### EXERCISE REQUIREMENTS
From the data that follows, set down exactly the lines from the one with "Treelogic (S501QC) 2200mAh Li-ion, оригінал" through the one with "Kenzo Flower By Kenzo Eau de Vie EDP", counting both. Pictures stay out.

### DATASET EXCERPTS

════════════════

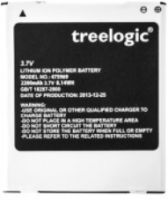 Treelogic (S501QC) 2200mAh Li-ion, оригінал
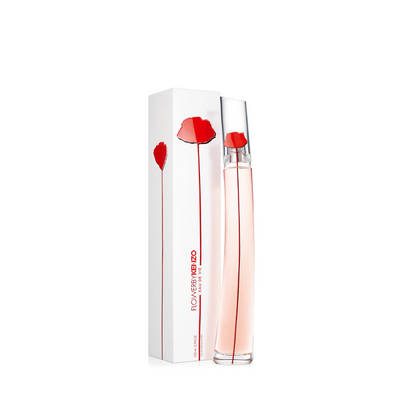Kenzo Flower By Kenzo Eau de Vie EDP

════════════════

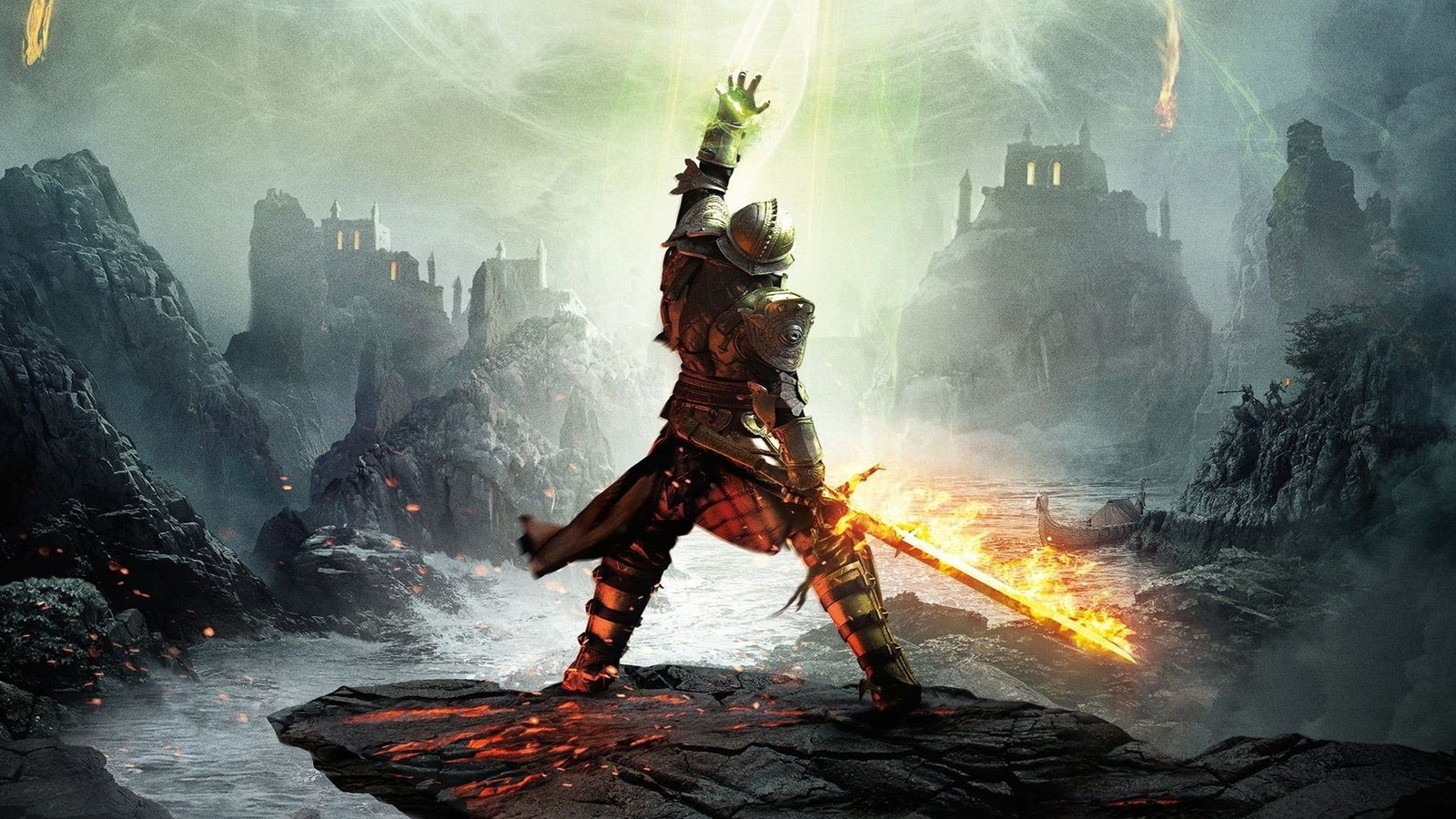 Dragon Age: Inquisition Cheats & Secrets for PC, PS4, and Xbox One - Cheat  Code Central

════════════════

### RESULT OF THE EXERCISE
 Treelogic (S501QC) 2200mAh Li-ion, оригінал
Kenzo Flower By Kenzo Eau de Vie EDP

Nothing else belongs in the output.